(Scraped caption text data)

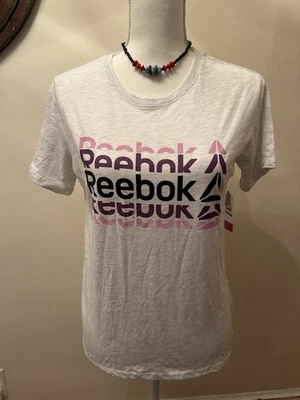 Camiseta deportiva deportiva con logotipo de Reebok para mujer talla S nueva con etiquetas Foto 1 de 4
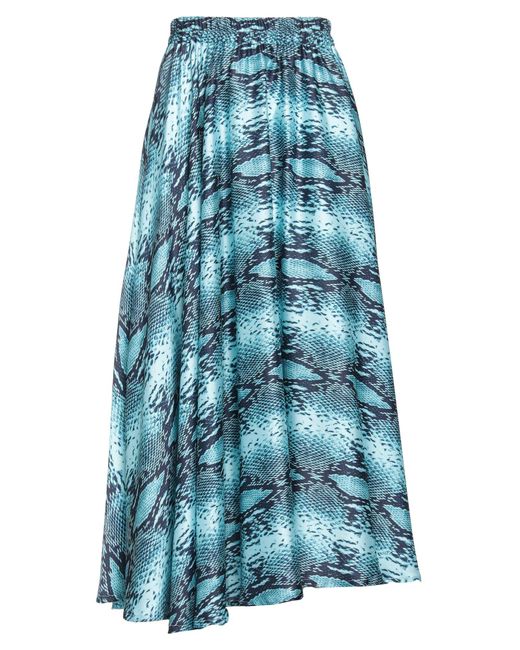 5 PROGRESS Blue Maxi Skirt Polyester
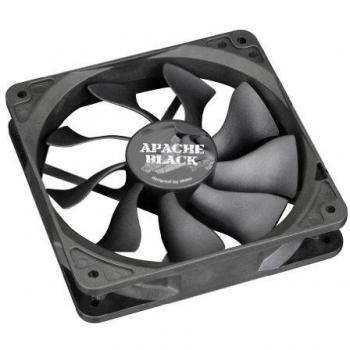 Akasa 120mm APACHE Black Silent Case Fan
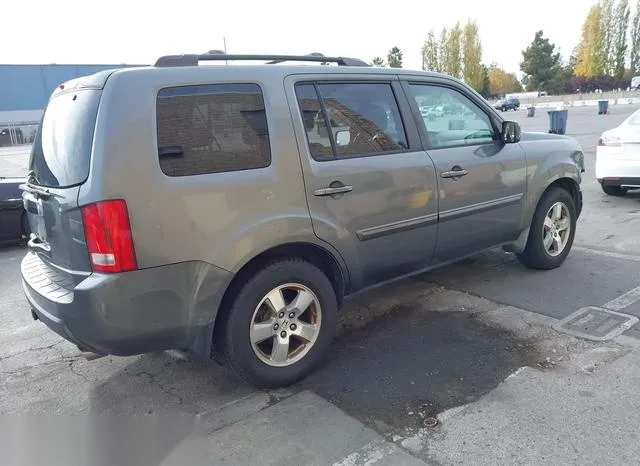 5FNYF48699B031926 2009 2009 Honda Pilot- Ex-L 4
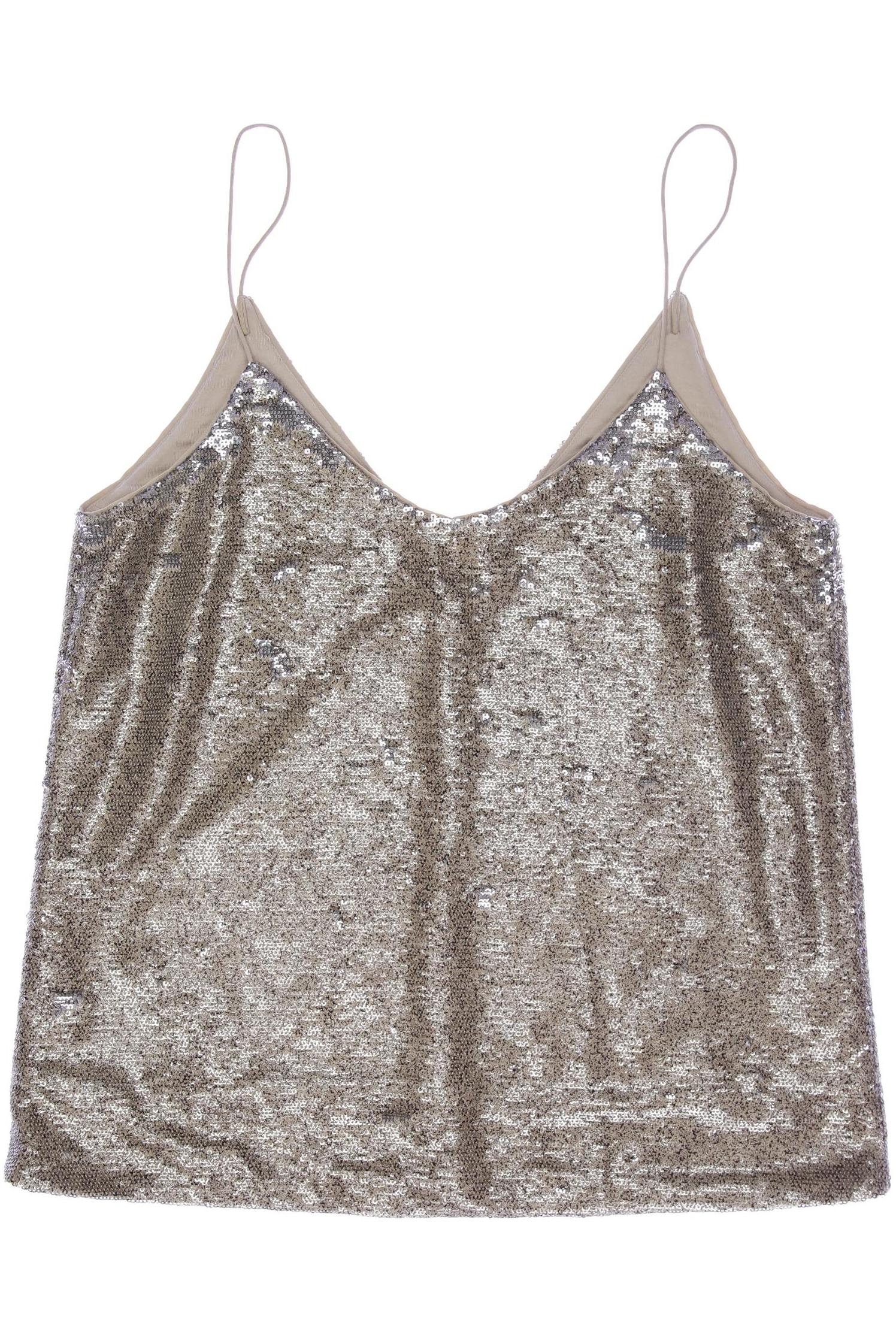 

Massimo Dutti Damen Top, gold, Gr. 34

§ **REQUIREMENT**
Leave out the pictures, and extract exactly the lines from the one with "5FNYF48699B031926 2009 2009" through the end of the records, both ends included.

§ **FINISHED TASK**
 5FNYF48699B031926 2009 2009 Honda Pilot- Ex-L 4

Massimo Dutti Damen Top, gold, Gr. 34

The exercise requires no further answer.